Hal tersebut disampaikan Haris pada diskusi publik Ngopi Dari Sebrang Istana dengan tajuk “Partai Politik bisa Dibeli? Gosip atau Fakta?” yang digelar oleh Lembaga Survei kedaiKOPI.
Haris menyatakan transaksi di parpol salah satunya disebabkan adanya keharusan memenuhi ambang batas pencalonan presiden 20%.
"Jual-beli partai politik saat ini bukan hanya sebatas dibeli untuk mencalonkan seseorang, namun juga partai politik dapat dibeli dengan tujuan agar partai politik tidak mencalonkan seseorang," kata Haris dalam diskusi, Minggu (20/11/2022).
Baca Juga
Advertisement
Dia juga menjelaskan bagaimana sebuah organisasi partai politik dapat dibeli. Yakni lewat pembagian jabatan, melalui wilayah, dan sektor ekonomi dan industri.
"Kalau melalui jabatan mereka bisa memproduksi regulasi, yang mana di situ ada rombongan dagang bisnis industrinya, dan sebagian juga berkembang dan terfasilitasi di partai politik atau mesti bergabung dengan partai politik," sambungnya.
Selain itu, lanjutnya, bentuk jual beli parpol bisa juga berupa saling sandera posisi juga dapat mempengaruhi apakah institusi partai politik dapat dibeli atau tidak.
Sangat Mungkin Ada yang Ingin Membeli Parpol
Sementara itu, pengamat Komunikasi Politik Hendri Satrio menyatakan sangat mungkin terjadi apabila terdapat orang atau kelompok yang ingin menguasai Indonesia dan membeli partai politik.
"Peraturan kita jelas mengobral bahwa pasangan calon presiden dan calon wakil presiden hanya dapat diusulkan oleh partai politik atau gabungan partai politik peserta pemilihan umum. Maka apabila ada orang atau kelompok yang ingin berkuasa yang paling mudah caranya adalah melalui partai politik," ujar pria yang akrab disapa Hensat tersebut.
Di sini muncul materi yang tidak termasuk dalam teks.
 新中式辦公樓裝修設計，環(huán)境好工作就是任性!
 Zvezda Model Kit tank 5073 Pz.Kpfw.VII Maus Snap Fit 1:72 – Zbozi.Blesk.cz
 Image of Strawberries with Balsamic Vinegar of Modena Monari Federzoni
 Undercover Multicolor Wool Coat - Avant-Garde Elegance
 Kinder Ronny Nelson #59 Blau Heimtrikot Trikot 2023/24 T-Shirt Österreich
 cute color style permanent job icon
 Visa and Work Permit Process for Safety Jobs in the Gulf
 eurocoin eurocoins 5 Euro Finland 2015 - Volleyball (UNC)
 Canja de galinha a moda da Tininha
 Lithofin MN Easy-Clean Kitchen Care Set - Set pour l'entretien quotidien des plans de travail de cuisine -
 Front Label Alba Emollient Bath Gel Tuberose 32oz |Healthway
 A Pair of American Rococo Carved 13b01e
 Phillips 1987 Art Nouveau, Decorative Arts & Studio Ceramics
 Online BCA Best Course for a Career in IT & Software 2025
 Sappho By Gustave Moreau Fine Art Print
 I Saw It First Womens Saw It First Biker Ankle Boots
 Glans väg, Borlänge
Menurutnya, hal itu akan terjadi apabila partai politik mengubah dirinya menjadi hanya sebatas organisasi yang mengincar suara atau angka elektoral saja.
"Yang bahaya adalah partai politik menurunkan derajatnya dari institusi yang mempunyai ideologi menjadi organisasi yang hanya mengejar suara rakyat saja. Yang penting punya kursi di DPR/DPRD dan kementerian. Itu bahaya buat negara dan demokrasi di indonesia dan hal ini perlu diingatkan," tegas Hensat.
Menurutnya kekuatan itu bisa berasal dari pengusaha-pengusaha yang tiba-tiba ingin bergabung ke parpol.
"Bayangkan ada sebuah kelompok besar yang sangat kuat sekali dan dia bargaining dengan sebuah partai politik, saya akan biayai semua proses politik. "Syaratnya? Saya mau ada orang saya yang jadi capres atau cawapres dan saya jamin menang”. Dengan kekuatannya dia bisa jamin bahwa pasangan ini menang. Ini jelas-jelas merusak demokrasi Indonesia," kata Hensat.
Advertisement
Transaksi Politik Akan Selalu Terbuka
Sementara itu, anggota Dewan Pembina Perludem Titi Anggraini mengungkapkan bahwa politik jual-beli terjadi karena adanya anomali di dalam sistem pemilu di Indonesia. Dia mencontohkan ambang batas parlemen.
"Dengan adanya ambang batas pencalonan, sekuat apapun partai politik apabila persentasenya tidak sampai maka ruang transaksi politik akan selalu terbuka," pungkasnya.